PROBLEM DESCRIPTION: Copy out the listing below exactly, please, and skip any pictures.

#### DATASET CONTENT

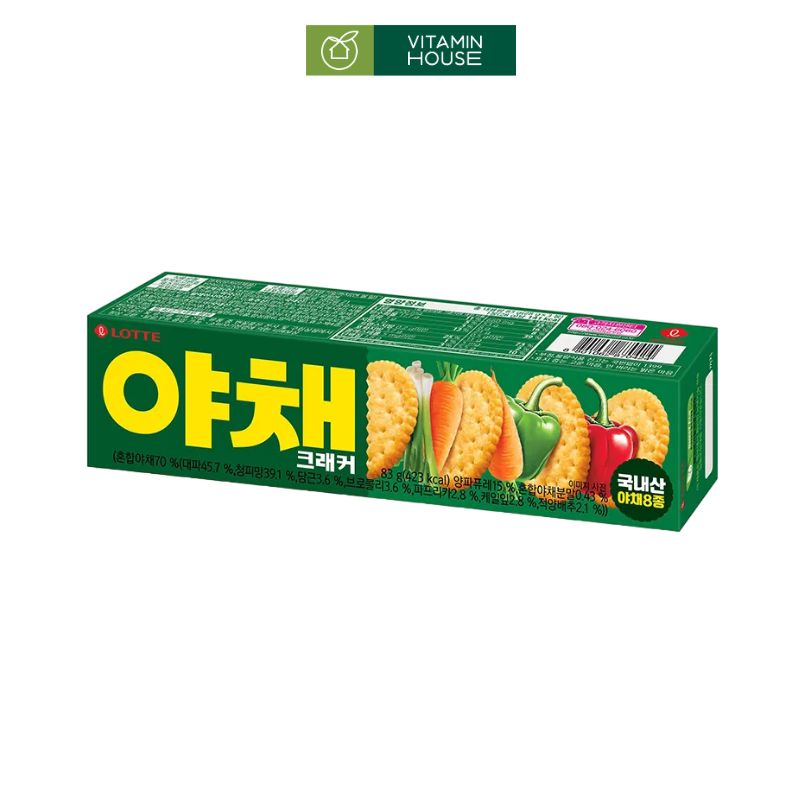 Bánh Quy Mặn Rau Củ Lotte HQ Hộp 83g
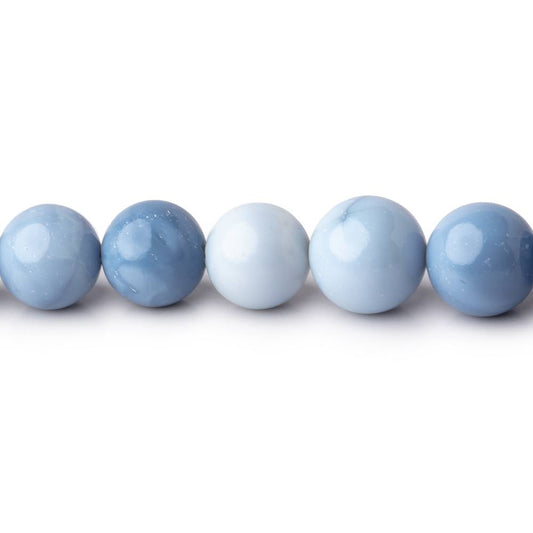 7.5-8mm Owyhee Blue Opal Plain Round Beads 17.5 inch 57 pieces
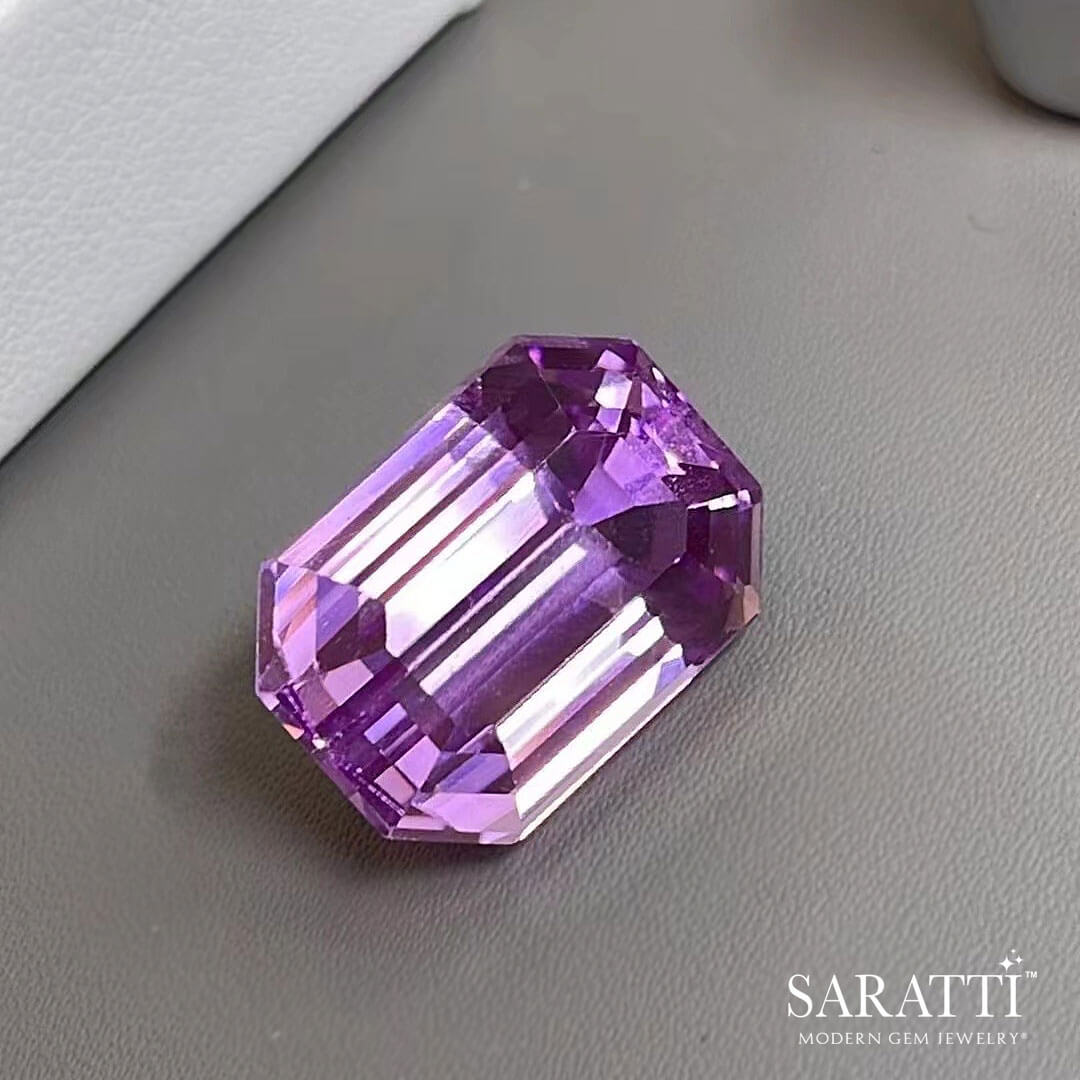 Purple Kunzite Gemstone For Sale | Saratti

########

SOLUTION FOR THIS EXERCISE:
 Bánh Quy Mặn Rau Củ Lotte HQ Hộp 83g
 7.5-8mm Owyhee Blue Opal Plain Round Beads 17.5 inch 57 pieces
 Purple Kunzite Gemstone For Sale | Saratti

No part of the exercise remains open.